2.  The idea of diversification behind the design of mutual funds does reduce stock picking risk, but does not reduce market [systemic] risk.  The resulting risk reduction is skewed toward the upside.  In other words you can reduce you chance of loss any given year to -60% by using diversification techniques [including asset diversification] but in order to do that you given up the 250% upside that is possible by choosing a single stock that does well.  This skewed reduction of variance results in taking it on the chin during market wide downturns [like now], but inhibits your ability to recover from the loss.  Does anyone really think that they will recover from a 50% loss in their mutual funds anytime in the next few years? After all to get back to EVEN, you need to have a 100% gain!  How long will that take inside a mutual fund?

3.  The majority of folks invest in mutual funds inside their companies 401K.  These funds are heavily laden with fees that bleeds the overall returns significantly.  On top of that the idea of deferring income taxes on inputs today in order to pay them on the total account values of tomorrow strikes me as simply silly.  At the very least, your tax bill will be several times the amount you could have paid today, and that is assuming tax rates don’t rise and you are in a lower tax bracket during retirement.  These assumptions are simply not logical given today’s economic environment.

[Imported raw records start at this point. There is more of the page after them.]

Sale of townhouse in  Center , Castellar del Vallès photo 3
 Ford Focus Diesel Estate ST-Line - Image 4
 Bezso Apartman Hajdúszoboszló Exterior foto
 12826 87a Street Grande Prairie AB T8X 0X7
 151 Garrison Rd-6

4.  Investing in mutual funds encourages passivity with one’s finances.  Invest automatically; put money in today and don’t worry it will be there for you in the future;  you have diversified away all the risk;  the market has returned 10% since WWII, and there is no reason to believe it won’t do the same in the future; our money managers can beat the market, or alternatively no one can beat the market so the best you can expect is market returns [this ignores the existence of people like Warren Buffet, George Soros, Ben Gramam], making money in the investment world is easy just let dollar cost averaging and the market tide take you to wealth, etc.  Heard any of these?  Well they all have a small, very small grain of truth embedded in them, but for the most part are simply propaganda used to sell mutual funds.  Being passive in your financial life leads to only one thing, being poor and the data points this out too.

5.   The actual results from folks investing in mutual funds is very poor.  Currently, a 1.8% return for those investing over the last 20 years.  Now, critics will say unfair to look at it in the depth of a bear market, but before the bear market of 2008 started the returns were only 4.4% with a twenty year look back.  The data on how large of retirement accounts people have is another signal data point and even at its peak it was less than $90,000 for the 55-64 age group.  You simply can’t find any data out there that points to this being a successful investment strategy even before the 2008 bear market!  When it comes to successful mutual fund investing, it is literally all theory and totally divorced from reality.

The bottom line is that mutual fund investing as a retirement vehicle is a total failure.  This has driven me to find alternative methods of building up a retirement account and reformed my ideas of personal finance.  This journey that I hope to take my readers along has transformed my thinking in many areas.  But first you have to decide to stop doing what has failed and start looking for something better!